False Imprisonment in Cult Deprogramming

In 1980, 21-year old Susan Jungclaus Peterson was a student at Moorhead State College. At some point during the year, Susan met members of a cult called The Way of Minnesota, and voluntarily joined the cult. The cult required every member to solicit on behalf of the sect, and give 10% of those monies to the organization.

After seeing Susan’s grades, appearance, and behavior decline, her father, Norman Jungclaus took her to a cult deprogrammer named Kathy Mills. Susan stayed in the home of an individual named Morgel during her deprogramming period with Mills. At first, Susan’s treatment seemed to be successful, but she then left and returned to the group and her fiancé.

Susan later filed a lawsuit against her father and the deprogrammers for false imprisonment and the intentional infliction of emotional distress. Even though the defendants showed the court that Susan had stayed in the program voluntarily, having had ample opportunity to leave on voluntary basis, the jury ruled in her favor. Both Mills and Morgel were found liable for the infliction of emotional distress, but the plaintiff was awarded only $1.00 from each of these defendants. Punitive damages from these defendants was awarded at $4,000 and $6,000 respectively. The jury ruled against the claims of false imprisonment.

In addition, a directed verdict was ordered by the court in favor of Susan’s parents and her former minister. Susan appealed all of the jury’s decisions.

The issue brought to the appellate court was whether the reasonable acts of parents to protect an adult child from a harmful situation, such as the joining of a religious cult, constitute false imprisonment, if that adult child accepted those acts. The appellate court ruled that Susan’s parents’ attempt to save their daughter from the religious cult constituted a valid defense to the charge of false imprisonment.
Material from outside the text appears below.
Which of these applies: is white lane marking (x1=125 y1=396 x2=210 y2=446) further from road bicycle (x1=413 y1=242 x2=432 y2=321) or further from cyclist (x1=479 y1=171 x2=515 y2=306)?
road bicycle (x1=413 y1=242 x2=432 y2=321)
This was followed by the court’s explanation that parents, who reasonably believe the capacity of their child to make judgments is impaired, may take action to extricate that child from what they believe to be a harmful situation. Limiting the adult child’s movements in such a situation did not sufficiently deprive Susan of her liberty to support a judgment of false imprisonment. In addition, Susan’s acceptance of the program after the third day provide the defendants with an absolute defense to false imprisonment.
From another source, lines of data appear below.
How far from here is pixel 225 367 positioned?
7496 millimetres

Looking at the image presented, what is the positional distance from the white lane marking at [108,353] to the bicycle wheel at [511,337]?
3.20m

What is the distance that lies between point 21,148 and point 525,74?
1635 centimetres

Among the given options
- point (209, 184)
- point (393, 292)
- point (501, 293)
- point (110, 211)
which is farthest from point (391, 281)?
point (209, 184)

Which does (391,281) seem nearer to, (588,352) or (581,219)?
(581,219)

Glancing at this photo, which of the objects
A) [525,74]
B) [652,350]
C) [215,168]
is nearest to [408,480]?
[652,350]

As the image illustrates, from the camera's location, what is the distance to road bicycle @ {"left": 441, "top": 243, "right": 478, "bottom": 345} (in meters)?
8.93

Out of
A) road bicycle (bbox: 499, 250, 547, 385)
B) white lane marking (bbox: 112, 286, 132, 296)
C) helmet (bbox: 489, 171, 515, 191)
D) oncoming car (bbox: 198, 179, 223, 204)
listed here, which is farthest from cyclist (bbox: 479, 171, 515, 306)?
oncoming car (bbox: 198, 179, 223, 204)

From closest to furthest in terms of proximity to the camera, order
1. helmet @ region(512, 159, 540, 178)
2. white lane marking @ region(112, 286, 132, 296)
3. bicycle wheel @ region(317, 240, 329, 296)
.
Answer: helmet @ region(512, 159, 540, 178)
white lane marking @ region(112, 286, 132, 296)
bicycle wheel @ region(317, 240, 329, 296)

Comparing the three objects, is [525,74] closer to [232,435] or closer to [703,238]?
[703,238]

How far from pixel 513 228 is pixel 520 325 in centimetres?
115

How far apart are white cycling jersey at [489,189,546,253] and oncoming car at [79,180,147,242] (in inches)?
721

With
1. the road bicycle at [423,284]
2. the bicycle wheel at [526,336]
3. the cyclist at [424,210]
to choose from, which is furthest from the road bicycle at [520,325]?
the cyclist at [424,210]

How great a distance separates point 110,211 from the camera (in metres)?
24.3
Related Legal Terms and Issues

  • Civil Lawsuit – A lawsuit brought about in court when one person claims to have suffered a loss due to the actions of another person.
  • Coercion – The act of using force or intimidation to ensure compliance.
  • Consent – To approve, permit, or agree.
  • Criminal Act – An act committed by an individual that is in violation of the law, or that poses a threat to the public.
  • Criminal Charge – A formal accusation by a prosecuting authority that an individual has committed a crime.
  • Damages – A monetary award in compensation for a financial loss, loss of or damage to personal or real property, or an injury.
  • Defendant – A party against whom a lawsuit has been filed in civil court, or who has been accused of, or charged with, a crime or offense.
  • Duress – Threats, intimidation, or bullying intended to force someone to do something.
  • Felony – A criminal offense that is punishable by more than one-year imprisonment.
  • Intent – A resolve to perform an act for a specific purpose; a resolution to use a particular means to a specific end.
  • Jurisdiction – The legal authority to hear legal cases and make judgments; the geographical region of authority to enforce justice.
  • Misdemeanor – A criminal offenses that is punishable by up to one year in jail.
  • Monetary Damages – Money ordered by the court to be paid to an individual or entity as compensation for injury or loss caused by the wrongful conduct of another party.
  • Perpetrator – A person who commits an illegal or criminal act.
  • Plaintiff – A person who brings a legal action against another person or entity, such as in a civil lawsuit, or criminal proceedings.
  • Probable Cause – Facts and circumstances leading to the belief that an accused person has committed a crime. Probable cause does not arise from a suspicion or a “hunch,” but from observable facts and circumstances.
  • Victim – A person who is injured, killed, or otherwise harmed as a result of a criminal act, accident, or other event.